Most states don’t require financial education for high school students, although five states do.

So, what are some financial lessons I wish I had learned at a younger age?

Investing is not Gambling

I can recall when I was younger hearing about investing. I’m fairly certain I thought there was little to no difference between investing than, say, buying Mega Millions tickets.

Of course, that couldn’t be further from the truth. Yes, the market has its ups and down. Yes, there will be crashes. And yes, investing can really sting sometimes.

But if you have a diversified portfolio à la JL Collins’s Simple Path to Wealth, investing is most certainly not gambling. As Jim explains, although it will hurt sometimes, investing is the easiest way to accumulate wealth. This is one of the most important financial lessons out there.

That is in stark contrast to playing to the lottery – emphasis on “playing.” The lottery is essentially entertainment since it can be fun to think about winning, but virtually none of us ever will. Chances are, if you are reading this, you have never won the jackpot, or even know someone who has.

Also, consider the fact that even if you avoid investing purely out of fear, you are still losing money. That is due to inflation – if all of your money is in cash, the value of that money declines year after year.

If the risks of investing keep you up at night, you can always add a healthy supply of bonds to your portfolio. Although bonds technically are still not risk-free, the higher-rated ones have much less risk than any stock does.

Debt Sucks

If you have been following me for a while, you probably know that my college tuition bill was nearly six figures. When I was in high school, I honestly didn’t think this was a big deal. I think I naively believed that things would just work themselves out and that the increased earnings would offset the cost of college.

Yes, this is true to a degree; I earn more money than the average person. I am still well inside the six-figure income mark at this point, though. I do okay, but I’m not exactly killing it from an earnings perspective.

What that meant was that while I suppose I am still doing pretty well compared to most people, I did not and will not retire at 30.

For most Americans, debt is the single biggest obstacle getting in the way of financial success. And yet, almost anything you buy nowadays can be financed. Why? There is an argument which says that financing allows businesses to set prices higher. After all, how many people would be dropping $50,000 on a car without financing? Probably very, very few.

But financing does not exist to do you any favors. There are very few items I can think of where there is a very real need for financing. Buying a house is the biggest one, but after that, things immediately start to get dicey. Weddings? A used car if you are low on savings?

We can finance other things, but it also not unheard of to pay for them in cash – even for middle-class people.

Long story short: debt is not your friend. I am not typically the biggest Dave Ramsey fan, but he’s right about that one. Of the financial lessons he teaches, I agree with this one.

Time is of the Essence

Debt, in addition to my misconceptions about investing, really set me back financially. I only started heavily investing within the past year – around when I started this blog. Before then, all of my investing came in the form of what was required by my employers.

Something is better than nothing, but if I had started investing more in my 20s, I could have been much farther ahead than I am now. That is due to the power of compounding interest.

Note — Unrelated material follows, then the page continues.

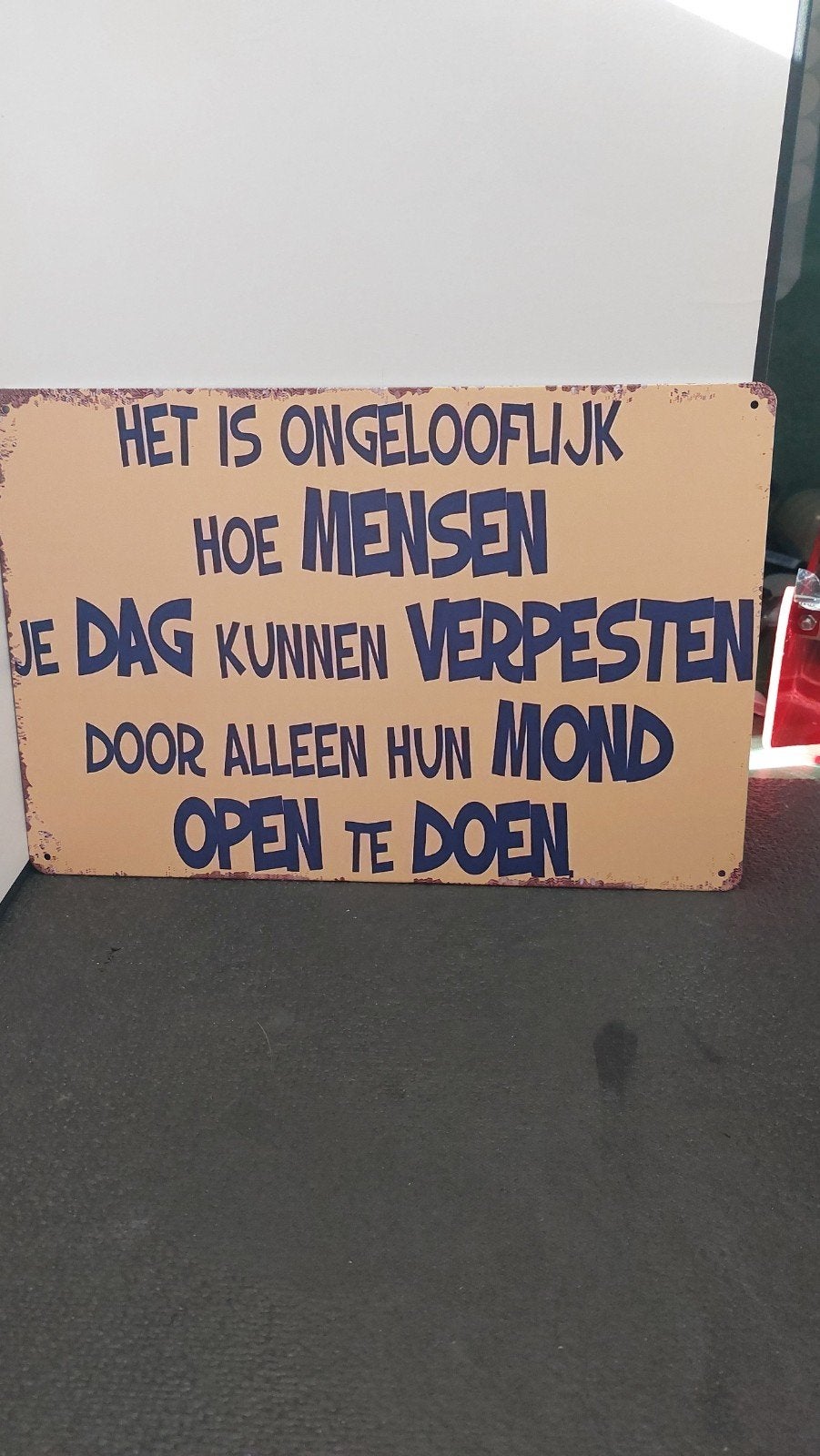 Decoratief metalen bord 20x30cm met grappige tekst, Vintage, Beige, Nieuw, Ophalen of Verzenden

Remember: if you can, invest early and often. The more you invest now, the more money you’ll have tomorrow.

You (Probably) Won’t Get Rich Quick

There is a reason the US has a reputation for being filled with hard workers. And there is also a reason Get Rich Slowly is named what it is.

Unless one of those Mega Millions tickets works out for you, getting rich quick is very unlikely. In reality, most people will probably never get “rich” in the way many of us think. If you think of getting rich as owning mansions and private jets, then getting rich is highly unlikely for the vast majority of people.

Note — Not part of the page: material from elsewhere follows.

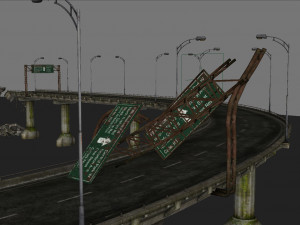 Broken bridge 3D Model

Still, with enough hard work and dedication, it is not impossible for people of almost any income level to be a millionaire. Patience is an absolute necessity. And that is one of the financial lessons that for me was very difficult to learn and accept.

What are some financial lessons you wish you had learned at a younger age? How would those financial lessons change your finances if you learned them earlier?

We often learn financial lessons later on that would have helped us in our younger years. Here are some lessons I wish I knew.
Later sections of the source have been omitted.